Dive Brief:
- Starbucks’ comparable North American traffic fell 8% year over year, though increased ticket offset some of the traffic loss, resulting in a 4% same-store sales drop in fiscal Q1 2025, the first full quarter of CEO Brian Niccol’s tenure.
- Despite this downward trend, Niccol said on Starbucks’ earnings call that the company’s turnaround efforts had a positive effect and would stabilize the business.
- Starbucks is working to re-introduce its brand through coffee-forward marketing; Niccol said coffee and espresso sales outperformed expectations, offsetting a disappointing holiday season.
Dive Insight:
Starbucks made a number of changes in Q1 intended to bolster its brand identity and premium marketing position, but these efforts have yet to significantly improve traffic. The brand is “close to doubling” advertising spend, CFO Rachel Ruggeri said on its Q1 2025 earnings call. This change has been financed by a significant reduction in discounting.
Niccol said Starbucks’ shift away from discounting as a traffic driver yielded “40% fewer discounted transactions year-over-year,” and helped offset declining traffic by modestly increasing average ticket.
Brian Yarbrough, a consumer research analyst at Edward Jones, said the chain’s decision to move away from discounting would help it in the long run, despite consumer price sensitivity.
“Starbucks is a premium brand,” Yarbrough said. “Premium brands don't discount, because when you discount, you hook customers on that. It's very hard to get customers away from that discounting.”
Niccol has committed the company to not increase prices and already eliminated extra charges on non-dairy milk, both of which could strengthen the brand’s value proposition without driving consumers away or weakening its premium positioning.
Starbucks is also simplifying its menu, Niccol said — an effort that will result in a “30% reduction in both beverages and food SKUs by the end of fiscal year 2025.” This move could simplify supply chain and operations problems, while reinforcing the brand’s core value proposition.

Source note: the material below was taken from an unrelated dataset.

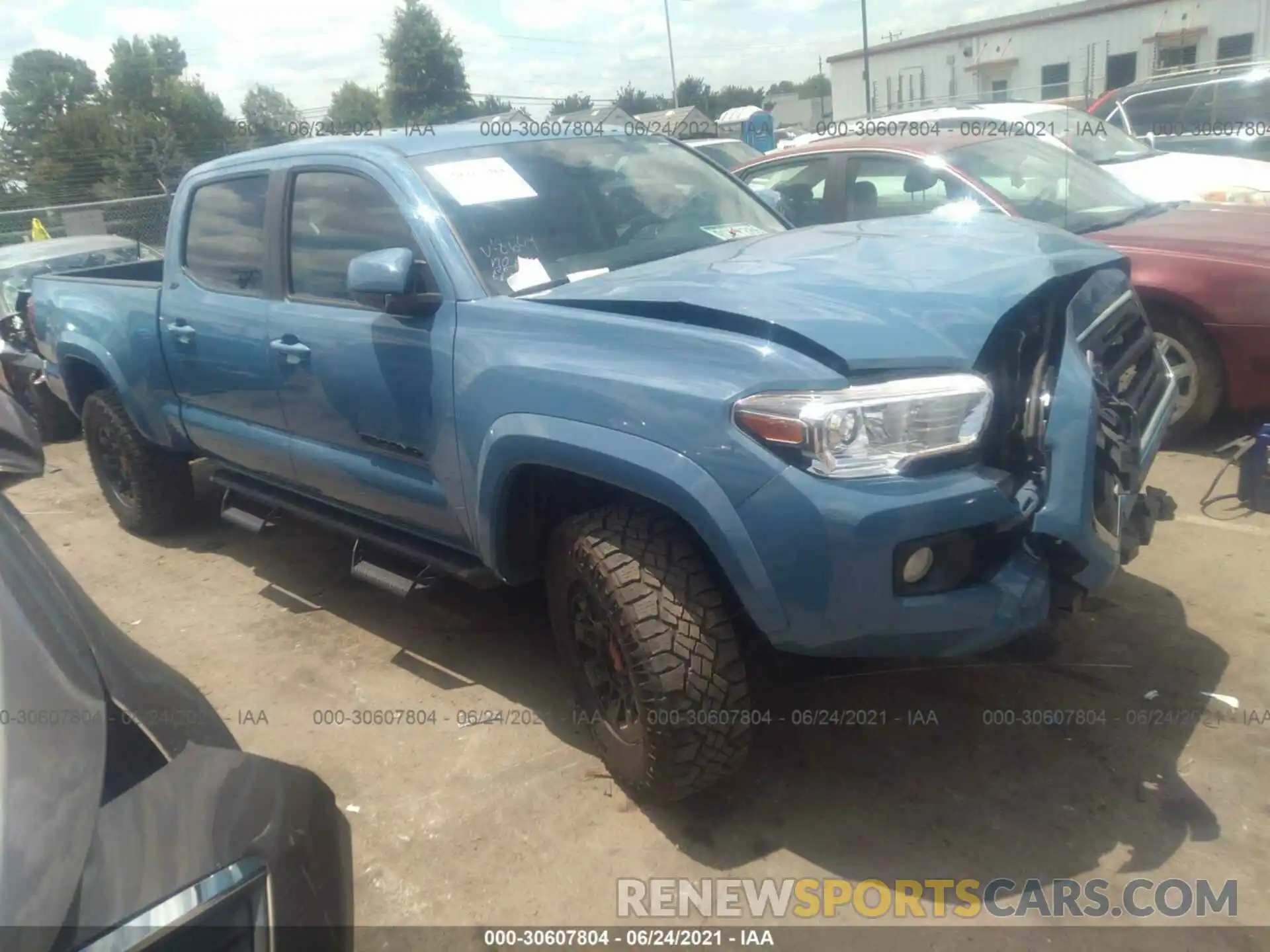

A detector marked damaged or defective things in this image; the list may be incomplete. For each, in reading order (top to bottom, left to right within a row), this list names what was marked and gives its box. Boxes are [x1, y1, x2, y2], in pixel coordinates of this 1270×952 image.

Investments in the brand’s identity and throughput, Yarbrough said, could result in positive comps in the next couple of quarters, especially once Starbucks begins lapping its difficult quarters from 2024.
Despite the traffic shortfall, Starbucks’ market share among QSRs increased in Q1 after falling for two quarters, Niccol said, indicating that Starbucks is mitigating some of the consumer pullback, at least relative to competitors.